Patrick Bramwell was a brat, who set off for Art school but got distracted by a pub and blew all his money, failed to hold down several jobs and then finally died (at about 30 yo) of TB. Emily contracted TB at his funeral (purportedly) but refused to get medical attention ("its just a cold, really") until it was too late, she died less than a year later (she was about 30 years old too). Anne then died a short time after that (roughly the same year) of TB (probably) in her 20s.
Charlotte was very lonely but managed to hitch up with some guy (Arthur Nicholls) and they married when she was 38 (wow! She was ancient when they got married ;). A year or 2 later she died of consumption (and she was pregnant too ;( ). A short time after that (the now old and senile) Patrick Bronte father died (but he outlived them all).
A life-long friend of Charlotte Bronte released a Biography of the Bronte family which was supported by the father (and would have been supported by Charlotte by all accounts) but was condemned by Charlotte's husband and the town of Haworth in general (because it rubbished the school and exposed an affair in the time).
The Bronte Sister pretty much did not like the town of Haworth (and didn’t have much good to say about it). They mostly hung around the house and wrote and egged each other on with their writings. Because they were women, to get published they assumed the (male) pseudonyms of Currie Bell, Ellis Bell, and Acton Bell (see the connection? ;).
Their writing was criticized by the establishment for being coarse and unfeminine (people could still tell the writers were female). For example their stories contained kissing (god forbid!!) which women in those days should not write about.
Patrick Bronte (the father) did not like the state of the town and in 1850(? - I am writing this all from memory ;), commissioned a guy called Babbage to do a review of the town, The report that came back was damning. 41% of children in the town died before 6 years old, the average life expectancy was 27 years ("worse than some of the unhealthiest parts of London"). Only 1 in 4 1/2 houses had privvies (toilet). The place stank of human waste.

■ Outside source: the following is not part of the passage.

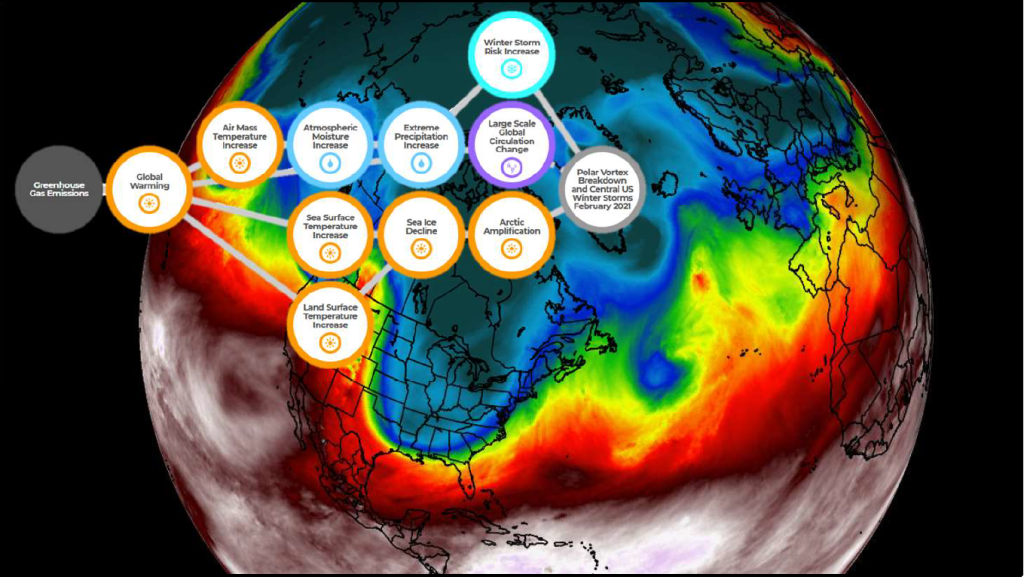 An example of a 'tree' from the Climate Signals website. This links greenhouse gas emissions to the polar vortex breakdown that brought very cold weather in February 2021 to much of the United States and Europe, including the UK. Image source from severe-weather.eu.
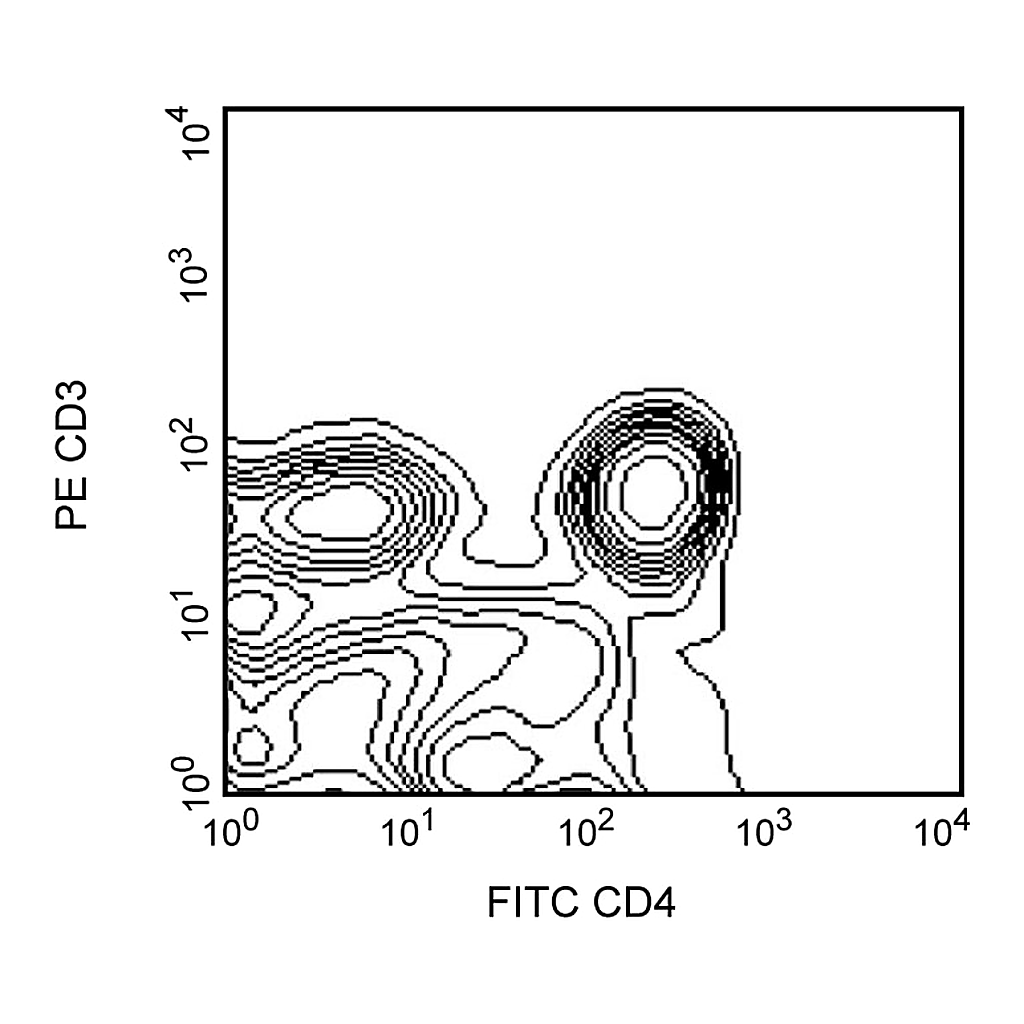 BD FITC Mouse Anti-Rat CD4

He recommended amongst other things:
- That sewerage be installed to take away human waste
- That water closets be installed
- That fresh water be made available on tap
- That the town stop the practice of putting stone slabs on top of graves in the graveyard (apparently this is unhygenic because it suppresses the decomposition of human bodies - they never stopped doing this but they did plant large trees to aid in the process - Amy was not feeling well at all these things - and the green moss over all the graves spooked her too)

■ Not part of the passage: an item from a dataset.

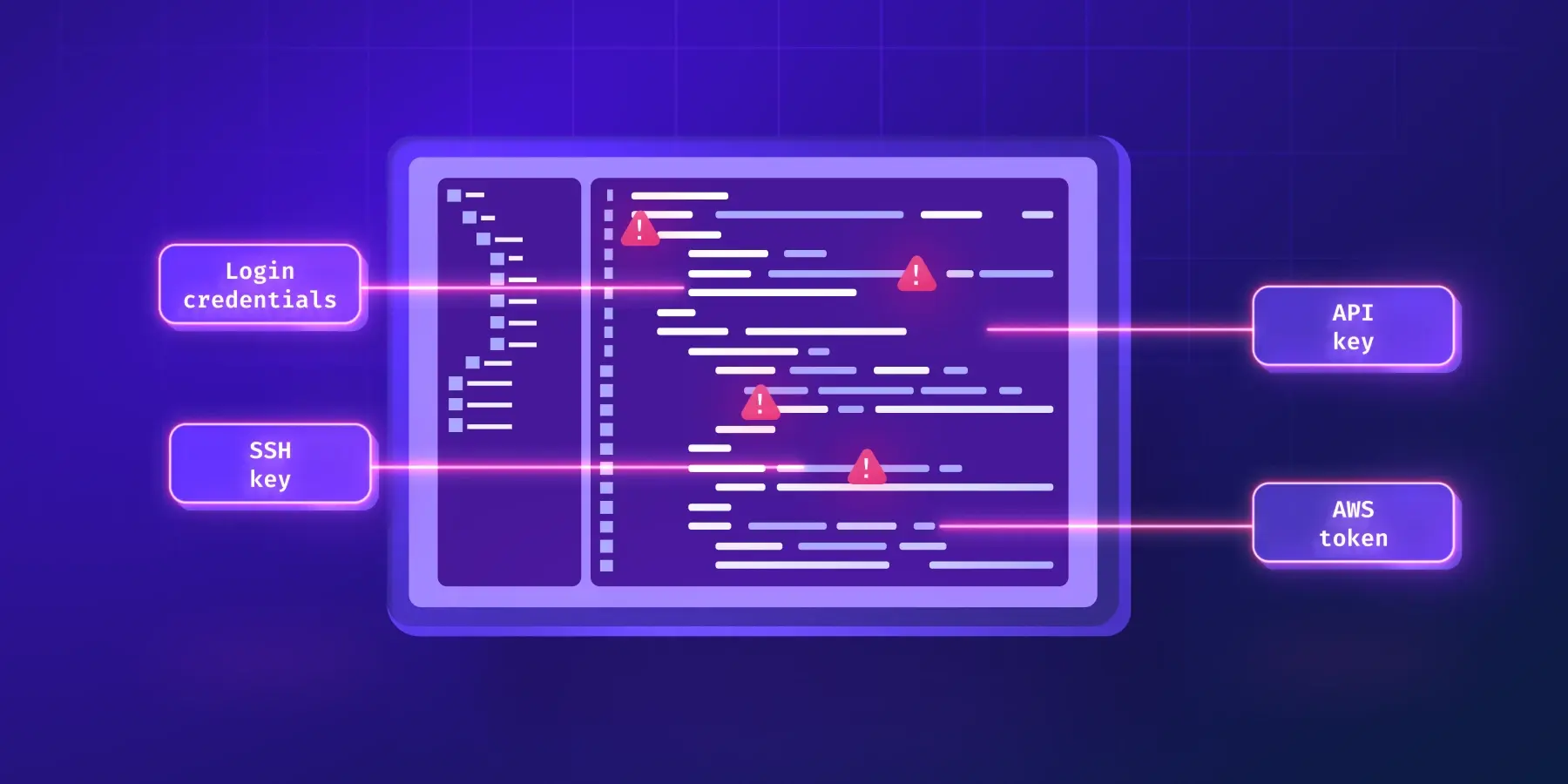 Secrets Management for Solo Devs: From .env to Vaults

The Bronte's had a low of opinion of Haworth and I say that in a way I have to agree with them. The town had no intellectual attractions apart from this family and still has none today (in fact its 3 main attractions are the Bronte Parsonage, a wool shed, and some mines). The place we stayed in was very lavish, and the "old" town is cute but otherwise the place just looks like a typical small town. The locals also exploit the Bronte name everywhere even though by all accounts they had a poor relationship with the family at the time.
Bronte Wool Shed
We left the museum and then went to the wool shed (called the Bronte wool shed - the irony is that Charlotte Bronte once described the place as "the chimney that vomited vile black fumes"). It was nothing amazing and apart from an original loom on display was pretty much just a shop.
Dinner
We went down to the Old White Lion again for dinner. Even though Haworth as a town lacks greatness (and probably relies too heavily on its tourism - they better pray that people don’t lose interest in the Brontes), the individual shops in it are excellent. I would recommend the Old White Lion to anyone looking for a place to eat and drink.
(Apart from the bar menu being a limited menu - the usual English faire - but I think this is the same in all English pubs). We then headed back to the guest house.
Sleep
We listened to music again for the rest of the night and then slept in preparation for our big train trip (trips actually) from Haworth to Hastings (Haworth-Keighley-Leeds-London-Hastings).